**About this exercise**
Output nothing except the lines from the one containing "Camiseta de manga" through the final line of the data, both included, typed exactly, minus the pictures.

** Dataset section follows **

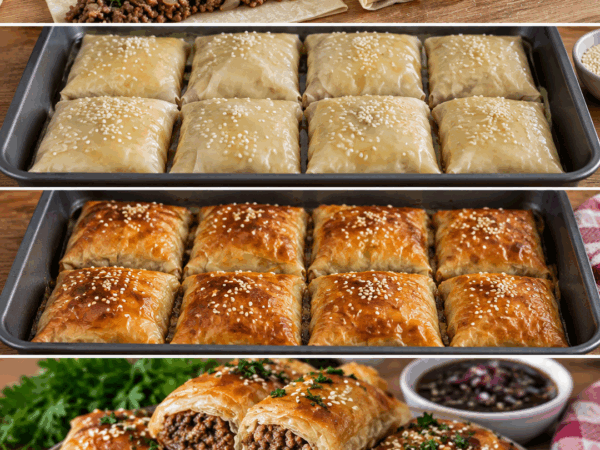 Knusprige Hackfleisch-Börek aus dem Ofen – außen goldbraun, innen herrlich saftig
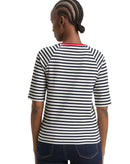 Camiseta de manga corta de mujer con cuello redondo y estampado de rayas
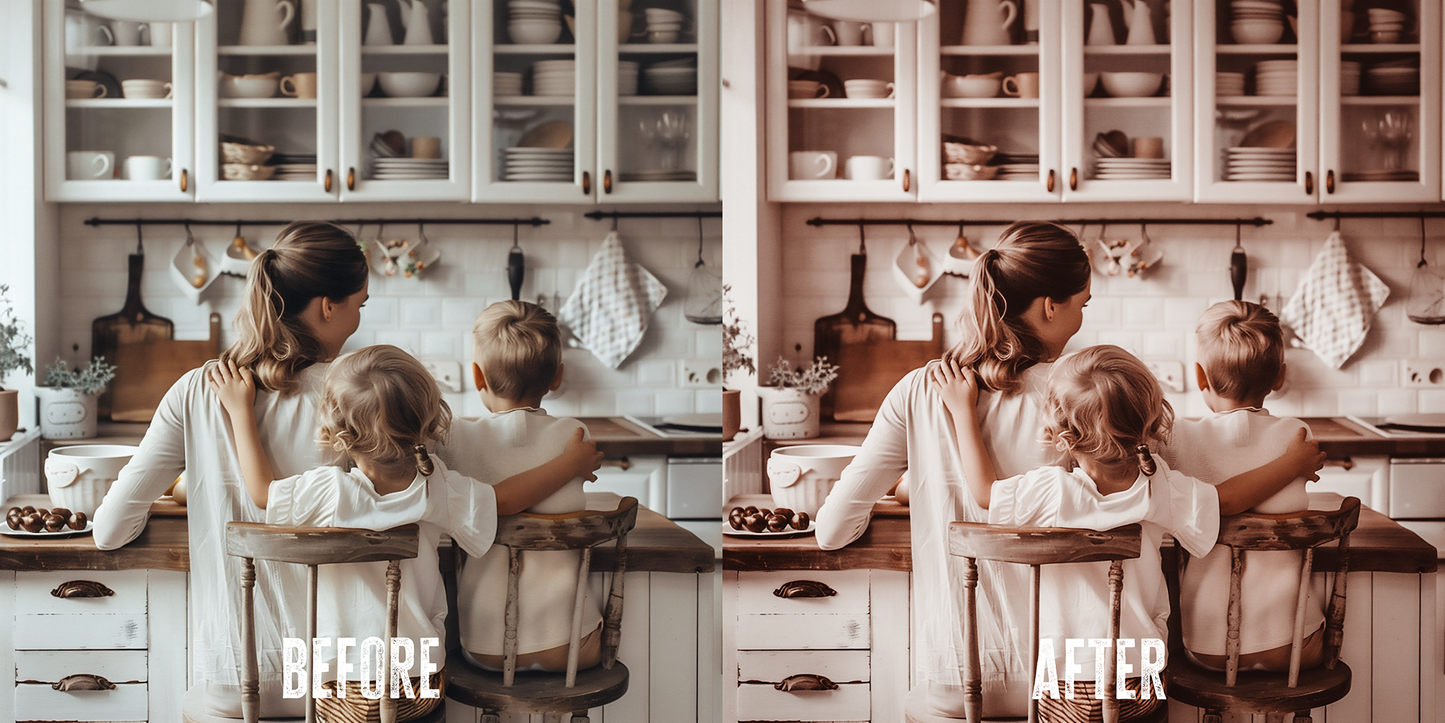 Before and after photo with Warm autumn Lightroom preset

** End of Dataset section **

**Response below**
 Camiseta de manga corta de mujer con cuello redondo y estampado de rayas
 Before and after photo with Warm autumn Lightroom preset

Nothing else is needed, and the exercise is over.